Linking cufft_static with a CXX target

The cuFFT/1d_c2c sample by Nvidia provides a CMakeLists.txt which links CUDA::cufft. Modifying it to link against CUDA::cufft_static causes a lot of linking issues. The cuFFT docs provide some guidance here, so I modified the CMakeLists.txt accordingly to link against CMAKE_DL_LIBS and pthreads (Threads::Threads) and turned on CUDA_SEPARABLE_COMPILATION. This still doesn’t work as CMake invokes g++ for linking instead of nvcc. I would have thought that setting the LINKER_LANGUAGE property to CUDA would fix this, but it does not. Is that a bug or am I missing something?
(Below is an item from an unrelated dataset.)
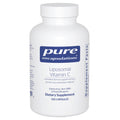 Pure Encapsulations Liposomal Vitamin C, 120 Capsules | Immune Support Supplement*, Antioxidant Nourishment, Daily Vitamin, Non-GMO and Gluten-Free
The easy way around this is to change the source file name to use .cu instead of .cpp. One still needs the CUDA_SEPARABLE_COMPILATION property, but no explicit pthreads and CMAKE_DL_LIBS. But as the file doesn’t contain actual CUDA (i.e. device) code I see this only as a workaround.

My modified (and cleaned up) CMakeLists.txt:

cmake_minimum_required(VERSION 3.18)

set(ROUTINE 1d_c2c)

project(
  "${ROUTINE}_example"
  DESCRIPTION "GPU-Accelerated Fast Fourier Transforms"
  HOMEPAGE_URL "https://docs.nvidia.com/cuda/cufft/index.html"
  LANGUAGES CUDA CXX)

find_package(CUDAToolkit REQUIRED)
find_package(Threads REQUIRED)

add_executable(${ROUTINE}_example)

set_target_properties(${ROUTINE}_example
  PROPERTIES
    LINKER_LANGUAGE CUDA
    CUDA_SEPARABLE_COMPILATION ON
    RUNTIME_OUTPUT_DIRECTORY ${CMAKE_BINARY_DIR}/bin)

target_compile_features(${ROUTINE}_example
  PRIVATE cxx_std_11)

target_sources(${ROUTINE}_example
  PRIVATE ${PROJECT_SOURCE_DIR}/${ROUTINE}_example.cpp)

target_include_directories(${ROUTINE}_example
  PRIVATE ${CMAKE_SOURCE_DIR}/../utils)

target_link_libraries(${ROUTINE}_example PRIVATE
  PRIVATE
    CUDA::cufft_static
    ${CMAKE_DL_LIBS}
    Threads::Threads)

I am using CMake 3.23.1, CUDA Toolkit 11.8 and gcc 11.3

CUDA_SEPARABLE_COMPILATION is needed when you are compiling code itself that requires separate compilation. In your case you just need the device linking step to occur, and so enabling the CUDA_RESOLVE_DEVICE_SYMBOLS will be sufficient ( works locally with a c++ source file ).

When building locally I modified the target_link_libraries call to look like:

target_link_libraries(1d_c2c PRIVATE
  PRIVATE
    CUDA::cufft_static
    CUDA::cudart_static
    CUDA::culibos
    )

That correctly compiles and links. Since the example uses methods like cudaMallocAsync we do need to link to the cuda runtime ( CUDA::cudart_static ).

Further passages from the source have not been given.